Although the academic thesis or journal is seen as the main output of writing for PhD students, there is a wealth of opportunity in arts journalism to explore different modes of writing and feed academic research into the arts ecology. While many of the bigger, glossier art publications embrace the homogenized, beautified vision of contemporary art as a global brand, there is a platform of smaller, more independently-minded magazines and journals. These smaller, independent journals offer what American critic Gwen Allen describes as,
“potential opportunities for self-reflexivity and critical distance that may help mediate our relationship to globalisation’s pervasive effects.”
In the north, some of the most interesting sites for reflection and distance on contemporary art originate in new media outlets. In recent years these have appeared online, enabling many of them to flourish outside London, the traditional base for art and media funding and administration alike. These new media outlets are spaces where art and writing meet, and provide an avenue in which to disseminate your critical reflections on art and humanities to a wider audience.
This event will involve presentations and workshops from active people and publishing platforms in the North, with a focus on skill development and career opportunities in arts journalism.

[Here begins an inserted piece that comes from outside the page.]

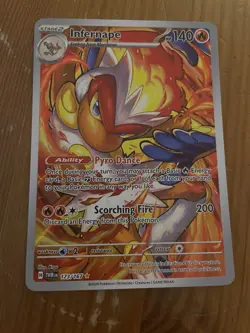 Pokemon TCG Infernape Card S&V Twilight Masquerade 173/167 Illustration Rare - Image 1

The aim is to entice debate around the characteristics and role of art writing in relation to wider readership, the current political and economic climate and the changing conditions of publishing in the North. As well as, explore ideas of experimental writing within and through these publishing platforms, and discuss potential collaborations between artists and writers. By bringing researchers, journalists and publishers together, the aim is to increase cross-fertilization of ideas and build networks of those interested in the space of art and writing. Event two will relate by drawing on alternative modes of art writing within academia.